Last night was the first parents’ evening for my son’s new college. We are not parents’ evening kind of parents as a rule. If we or the school has to wait three months to talk about a problem, my theory is that it isn’t a problem worth talking about. Similarly, no teacher is going to lean across the table in a crowded sports’ hall and say; ‘your kid is a back chatting, lazy git. SORTITOUT.’ If they have waited to tell you something awful, it comes out in passive aggressive feasts of euphemistic doublespeak that I could do without.
Or there isn’t anything the matter in which case, you don’t need to go to school so that they can tell you your kid is terrific. Hopefully you already know that.
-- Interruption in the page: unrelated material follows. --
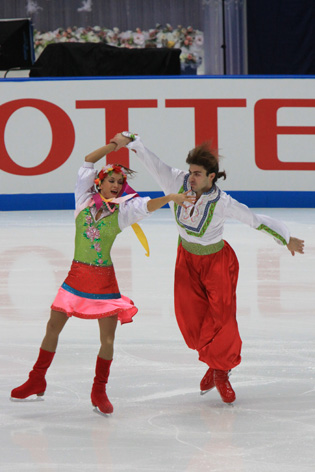 File:2009 NHK Trophy Dance - Anna ZADOROZHNIUK - Sergei VERBILLO - 8475a.jpg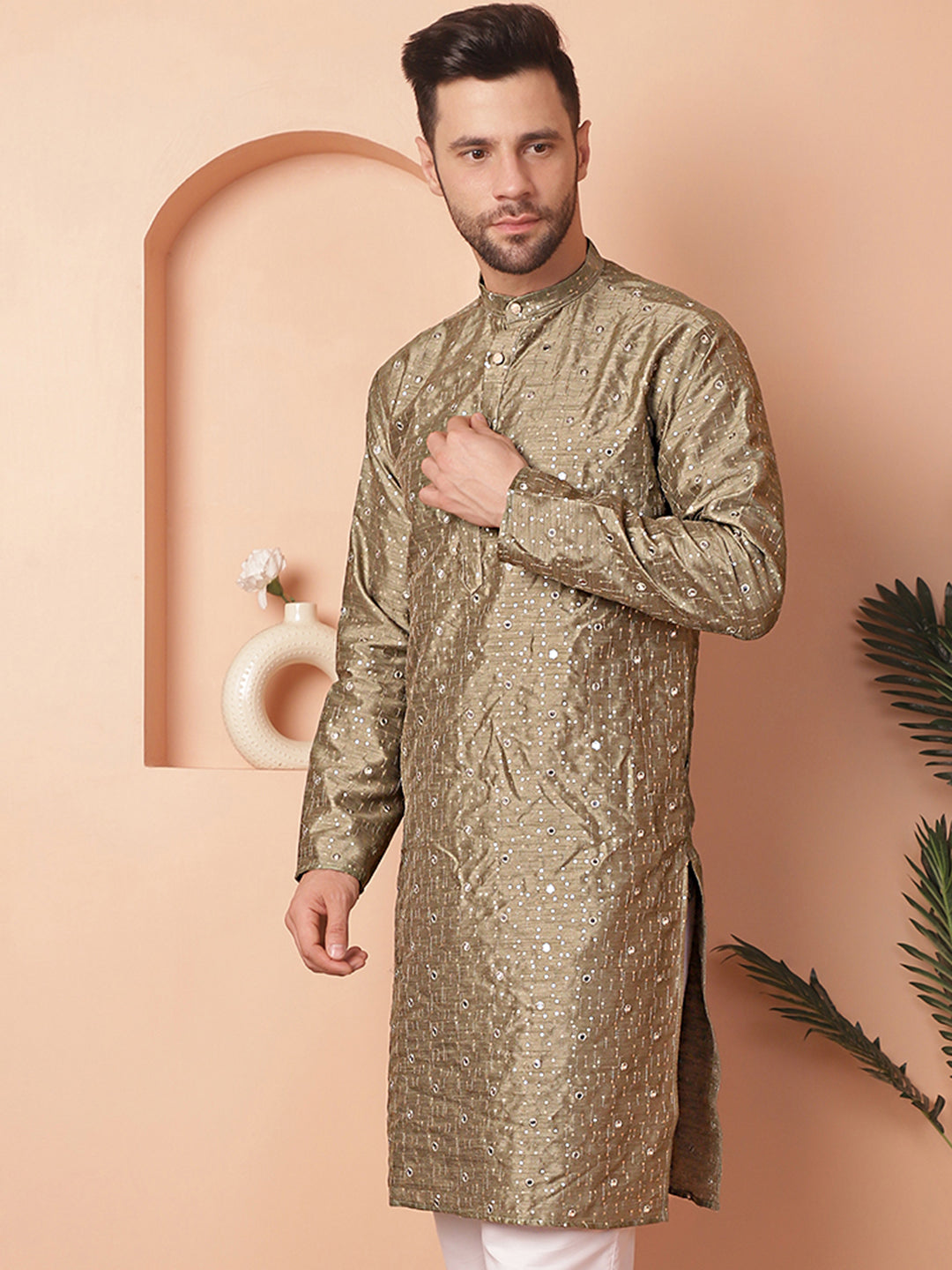 Men's Embroidered Mirror Work Kurtas - Taantav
Having said all of that, I found myself wending my way to the new place in a spirit of new beginnings and the admonishment to not be so cynical. After all, this was not a school school. This was a dedicated drama school for 17 and 18 year old BTEC students. The email had said it was 5.30 to 7.30 pm. There were no other instructions. I assumed it would be a relaxed, informal thing with a few minutes introduction and then a chance to chat to the tutors if you wanted to. I reckoned if I got there at 5.30 I could be home by 6.30 at the latest.
How wrong I was.
After we had been signed in on the register, we were escorted to the theatre space where we were subjected to a wonky, out of focus slide show and an hour long lecture on how the school is a nurturing family, but if your kid arrives ten minutes late in the morning there will be consequences. There will also be consequences for almost everything else you care to mention. Similarly, the students are old enough to be largely self-guided but could you as the parents make sure that they have the right uniform, get up on time, do their homework, attend to their deadlines, run their lines and get into RADA.
No pressure.
After that we were split into the three subjects the school teaches and given another lecture about how acting is a passion and a gift, but also hard, sweaty graft. Acting is a vocation but also teaching is a vocation, but also hard work.
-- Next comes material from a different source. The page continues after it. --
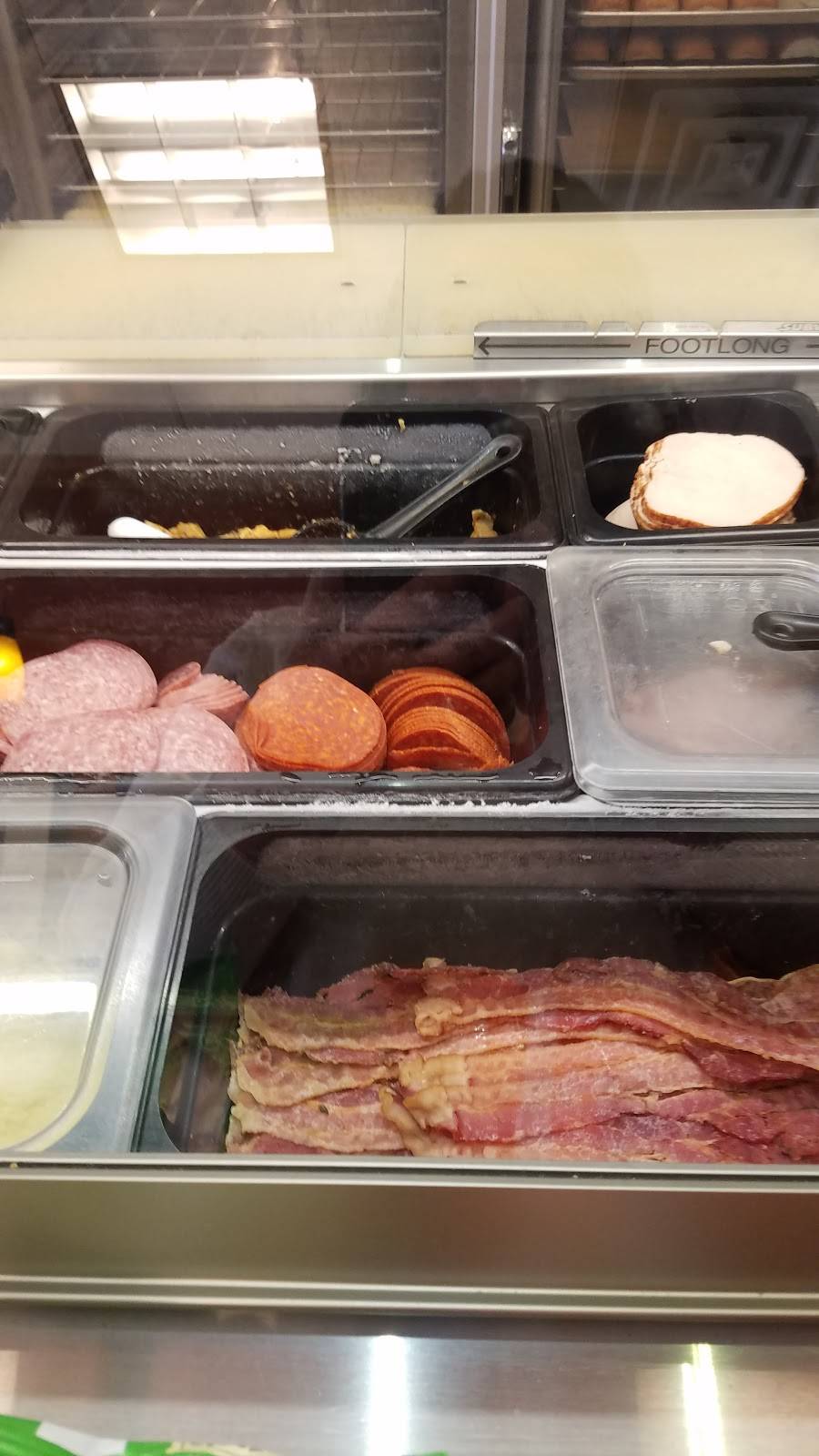 Subway Restaurants | restaurant | 8080 Old York Rd, Elkins Park, PA 19027, USA | 2156904711 OR +1 215-690-4711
I knew all this already because I grew up watching The Kids From Fame. The words of leg warmered dance teacher, Lydia are forever emblazoned in my brain.
“You’ve got big dreams? You want fame? Well, fame costs. And right here is where you start paying … in sweat.”
Bangs big dancey stick on the floor. Exeunt pursued by bear.
Only I couldn’t exeunt because we were in the theatre space and the only way out was down through the seating and across the front of the stage. I did feel very much like I was being pursued by a bear though. The bear of my righteous anger at having been dragged all that way for a lot of pointless, clipboard fuelled nonsense.
Some of the kids in this school drive cars and own more facial hair than a bus load of pensioners. Some of them can vote and drink whisky sours. Some of them are old enough to get married. I’m not suggesting we cut their hair and force them to join the army, but they should surely not need their parents to cajole them into wearing clean pants and doing their homework on time? If they do, I feel they have already self-selected themselves out of the brutal business that is show.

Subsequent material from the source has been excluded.